* **TASK DIRECTIONS**:
Repeat the records below in their entirety, exactly.

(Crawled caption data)
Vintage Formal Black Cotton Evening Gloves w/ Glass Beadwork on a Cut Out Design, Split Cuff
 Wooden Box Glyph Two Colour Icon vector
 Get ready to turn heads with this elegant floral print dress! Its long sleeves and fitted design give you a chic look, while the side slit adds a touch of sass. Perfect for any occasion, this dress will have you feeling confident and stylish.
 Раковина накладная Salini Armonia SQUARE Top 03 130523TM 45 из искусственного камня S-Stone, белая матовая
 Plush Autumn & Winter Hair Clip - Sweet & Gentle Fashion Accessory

* **RESULT OF THIS TASK**:
Vintage Formal Black Cotton Evening Gloves w/ Glass Beadwork on a Cut Out Design, Split Cuff
 Wooden Box Glyph Two Colour Icon vector
 Get ready to turn heads with this elegant floral print dress! Its long sleeves and fitted design give you a chic look, while the side slit adds a touch of sass. Perfect for any occasion, this dress will have you feeling confident and stylish.
 Раковина накладная Salini Armonia SQUARE Top 03 130523TM 45 из искусственного камня S-Stone, белая матовая
 Plush Autumn & Winter Hair Clip - Sweet & Gentle Fashion Accessory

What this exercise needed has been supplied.